*** Supplied information ***

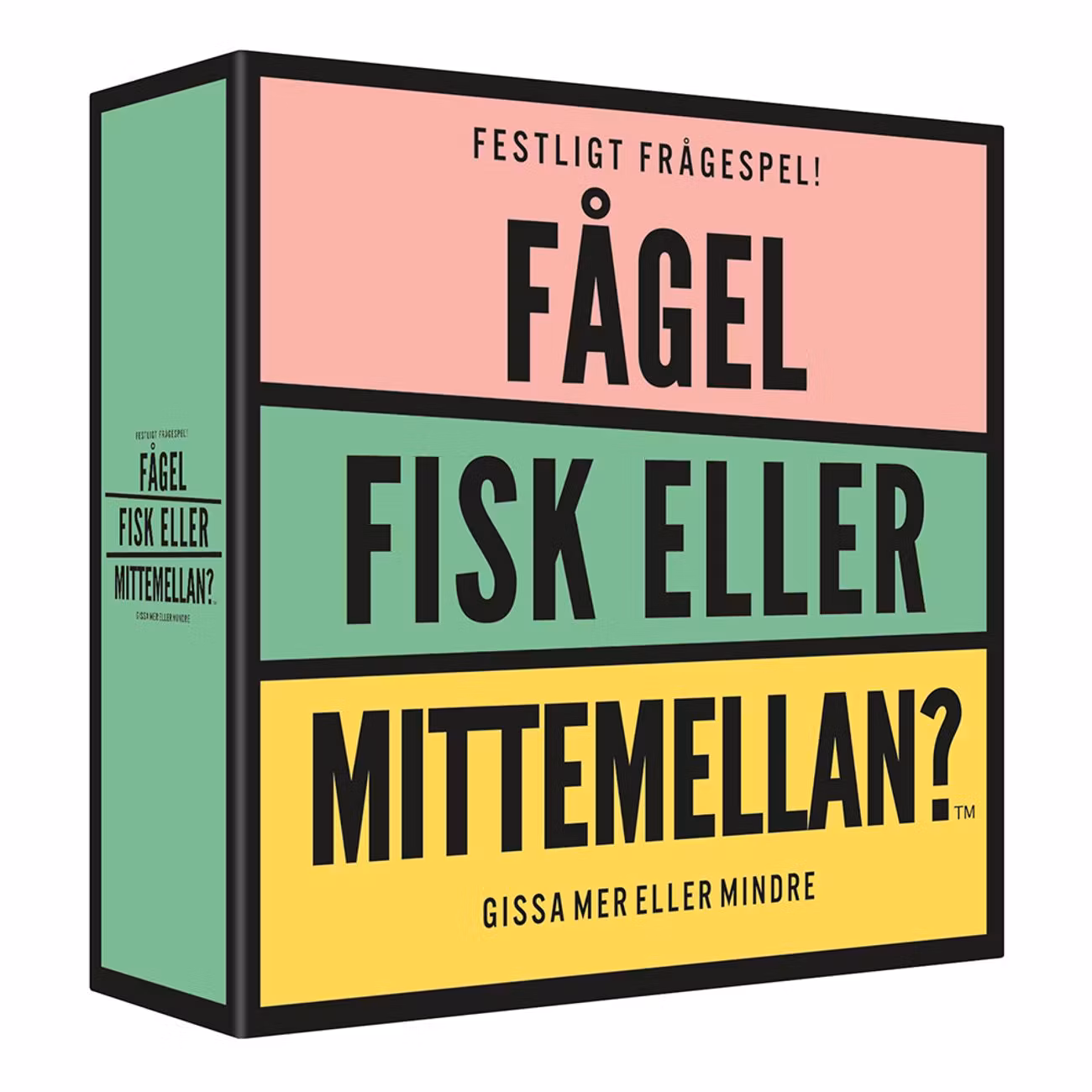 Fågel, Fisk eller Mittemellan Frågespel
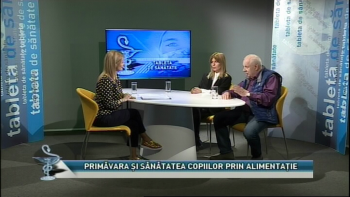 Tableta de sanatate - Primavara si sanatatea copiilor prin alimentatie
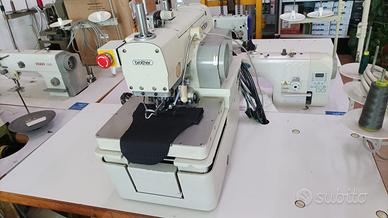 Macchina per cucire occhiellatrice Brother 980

*** End of Supplied information ***

Task prompt — Give the listing above again in its entirety and exactly; do not include the pictures.

Output below —
 Fågel, Fisk eller Mittemellan Frågespel
 Tableta de sanatate - Primavara si sanatatea copiilor prin alimentatie
 Macchina per cucire occhiellatrice Brother 980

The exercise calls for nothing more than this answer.